Tables 2.5-2.7 show the direct HALOE and indirect comparisons deduced from the information presented in this chapter. The indirect comparisons are presented to show the range possible from the full set of measurements considered. These are constructed as described at the beginning of this section. Figure 2.72 summarises the range of measurements for three pressure layers. The mean values are plotted as symbols, and the range bars map out the extremes from the indirect comparisons. A small range does not necessarily translate into a small uncertainty for the estimate. It may mean that the comparisons are all consistent, or it may simply denote a dearth of indirect comparisons. In the cases of POAM III and SAGE II, no indirect comparisons were available, therefore, the range given is the internal sunrise/sunset difference deduced for each instrument.

In the 1-10 hPa layer (Table 2.5, top panel of Figure 2.72), 11 instruments are considered. Coincident comparisons with HALOE were possible with all the instruments except SAGE II. For SAGE II, climatological comparisons were included. All instruments are remote sounders, from satellite, high altitude balloon, space shuttle, and ground based platforms.
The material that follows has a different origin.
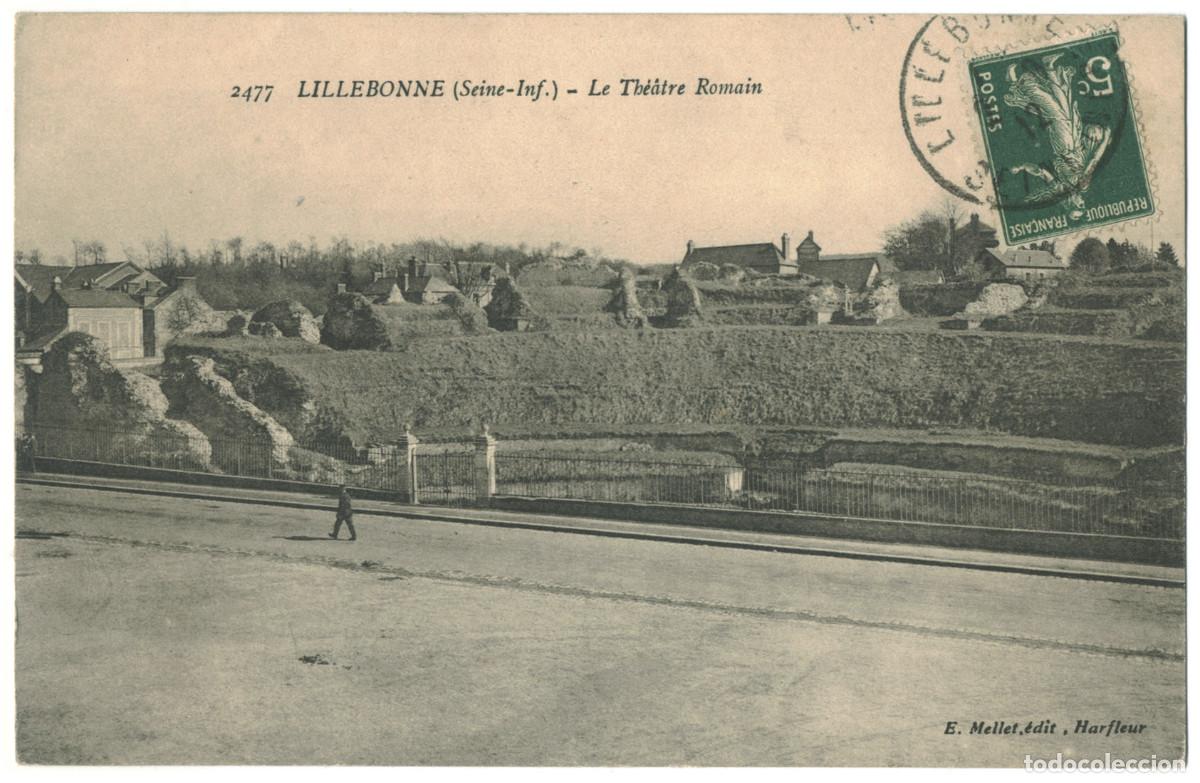 Postales: LILLEBONE (Seine-Inf.)_Th&eacute;&acirc;tre Romain_E. Mellet. 2477 /Teatros romanos Galia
At this level, aerosol contamination problems for the solar occultation instruments should be minimal, and geophysical variability should also be low, making this layer ideal for these sorts of comparisons. The absolute range of both direct and indirect comparisons with HALOE is -5% to +17%. The mean is +5% and the median is +6%. The mean comparisons (symbols in Figure 2.72) of 9 of the 11 instruments cluster between 0% and 10% greater than HALOE. All instruments considered for the 1-10 hPa layer agree within their stated levels of accuracy.
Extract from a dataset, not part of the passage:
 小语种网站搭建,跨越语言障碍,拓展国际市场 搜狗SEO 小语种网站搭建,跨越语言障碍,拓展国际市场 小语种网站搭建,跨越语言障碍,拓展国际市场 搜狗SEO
In the 10-50 hPa layer (Table 2.6, middle panel of Figure 2.72), 13 instruments are considered. Only climatological comparisons were possible between HALOE and SAGE II, and only indirect comparisons using other instruments transfer standards were possible for MIPAS. This layer allows comparisons between satellite and balloon-borne remote sounders and in situ balloon-borne instruments. The range of both direct and indirect comparisons with HALOE is -30 % to +27 %. However, this wide range is a consequence of a large range in the HALOE-LMD frostpoint comparison. If the LMD frostpoint comparisons are neglected, the range is reduced to -8 % to +16 %. The mean of the comparisons in this layer is +3%, and the median is +4%. The mean comparisons of 11 of the 13 instruments fall between -2% and +8%. On average, the instruments considered for the 10-50 hPa layer also agree within their stated levels of accuracy.
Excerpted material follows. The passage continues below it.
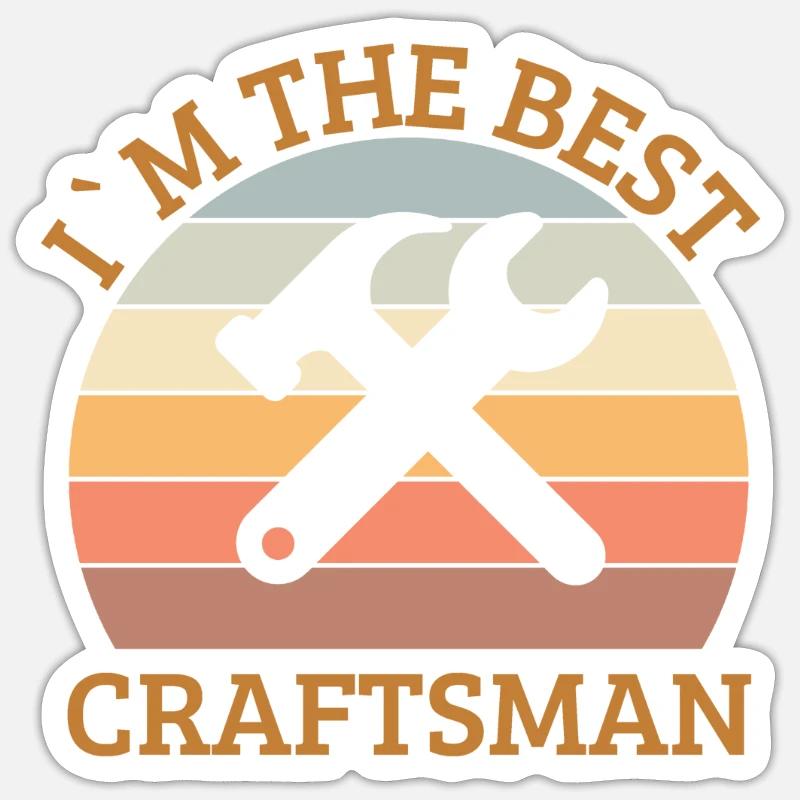 Ich Bin Der Beste Handwerker Sticker Größe S (10 x 10 cm)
The 60-100 hPa layer (Table 2.7, bottom panel of Figure 2.72) has the largest number (15) of instruments and measurement techniques of the 3 layers discussed here. The range of both direct and indirect comparisons with HALOE is large, from -15% to +42%, with the range of mean comparisons (symbols plotted) from -9% to +20%. The mean of the comparisons is +6.5%, the median is +6%, and 11 of the 15 instruments fall into the range -1% to +14%. The two lowest instruments are satellite sensors, and the two highest are aircraft borne in situ instruments. The balloon-borne in situ and remote sensor measurements cluster near the mean. In this layer, geophysical variability is larger, thereby making close coincidences for comparisons more important. A greater number of measurement techniques are used here, however accuracies quoted in Chapter 1 do not indicate that should be a problem. Although the bulk of the measurements at this level do agree to within stated accuracies, the low satellite and high in situ aircraft measurements do not. Similar differences are also present in the derived quantity [H2O]e (see Table 2.4), which should minimise sampling mismatch problems. Thus, it appears that the differences noted here are real. The differences between instruments occupying the extreme positions exceed what would be expected based on the uncertainties given in Chapter 1.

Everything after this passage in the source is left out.